Maqdisi: an 11th Century Palestinian Consciousness
Zakariyeh Mohammed is a poet and writer. Jerusalem Quarterly, n°22 & 23, 2005 It is safe to say that there has never been a thorough textual examination of the writings of ancient Arab writers, Palestinian or otherwise, regarding Palestinian identity. All of the texts known to discuss Palestinian identity date no earlier than the nineteenth century. Very rarely do these texts date as early as the eighteenth century and as such, the underlying assumption is that there is no point in seeking out older texts – the Palestinian identity is assumed to be contemporary, and no related earlier texts exist.
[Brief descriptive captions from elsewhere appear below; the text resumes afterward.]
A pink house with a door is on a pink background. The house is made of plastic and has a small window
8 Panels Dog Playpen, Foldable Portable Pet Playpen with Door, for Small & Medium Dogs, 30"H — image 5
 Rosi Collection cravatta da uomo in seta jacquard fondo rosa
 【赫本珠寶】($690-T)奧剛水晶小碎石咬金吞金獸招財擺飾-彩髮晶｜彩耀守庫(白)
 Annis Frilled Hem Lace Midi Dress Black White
I believe this to be an erroneous assumption, however. Palestine, as a region, developed long before Islam and Christianity. Indeed, proof exists that its borders date as early as the fifth century BCE. Herodotus outlined this region nearly to its present-day borders, and called it “Palestine”. He says, in the context of the Persian invasion of Greece:
The Phoenicians and the Syrians of Palestine have prepared 300 ships […] This nation, according to its own self-description, has long lived on the Red Sea, where they still reside. This section of Syria and all of the areas extending from here until the border of Egypt is known by the name of Palestine. In another paragraph he says, “In the country extending from the land of the Phoenicians to the borders of Gaza City live the Syrians, who are called Palestinians.” So, the area extending from the border of Phoenicia to the border of Egypt was one region called ‘Palestine’. Herodotus calls its people the ‘Syrians of Palestine’ to distinguish them from the other inhabitants of Syria, as is made clear later in the passage.